Archive

Archive for the ‘BI Testing’ Category

BI Testing-SQL Performance tuning

March 29, 2012 Leave a comment

Introduction:

Generally ETL performance testing is confirmation test to ensure that an ETL ‘system’ can handle the load of multiple users and transaction.  For any project this is primarily ensuring that the ‘system’ can easily manage the throughput of millions of transactions.

You can improve your application performance by optimizing the queries you use. The following sections outline techniques you can use to optimize query performance.

Improve Indexes:

  • Creating useful indexes is one of the most important ways to achieve better query performance. Useful indexes help you find data with fewer disk I/O operations and less system resource usage.
  • To create useful indexes, you must understand how the data is used, the types of queries and the frequencies they run, and how the query processor can use indexes to find your data quickly.
  • When you choose what indexes to create, examine your critical queries, the performance of which will affect the user’s experience most. Create indexes to specifically aid these queries.
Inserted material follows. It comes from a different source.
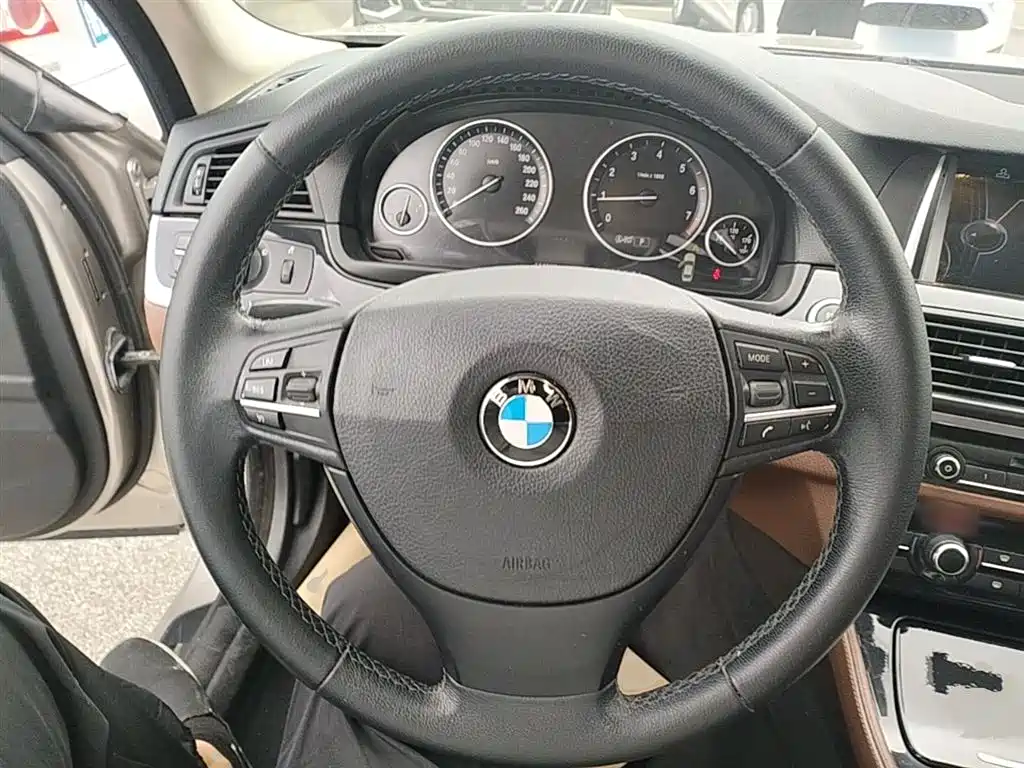 BMW 5 Series 2014 520Li Elegance фото 11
After adding an index, rerun the query to see if performance is improved. If it is not, remove the index.
  • As with most performance optimization techniques, there are tradeoffs. For example, with more indexes, SELECT queries will potentially run faster. However, DML (INSERT, UPDATE, and DELETE) operations will slow down significantly because more indexes must be maintained with each operation. Therefore, if your queries are mostly SELECT statements, more indexes can be helpful. If your application performs many DML operations, you should be conservative with the number of indexes you create.

Choose what to Index:

  • We recommend that you always create indexes on primary keys. It is frequently useful to also create indexes on foreign keys. This is because primary keys and foreign keys are frequently used to join tables. Indexes on these keys let the optimizer consider more efficient index join algorithms. If your query joins tables by using other columns, it is frequently helpful to create indexes on those columns for the same reason.
  • When primary key and foreign key constraints are created, SQL Server Compact 3.5 automatically creates indexes for them and takes advantage of them when optimizing queries. Remember to keep primary keys and foreign keys small. Joins run faster this way.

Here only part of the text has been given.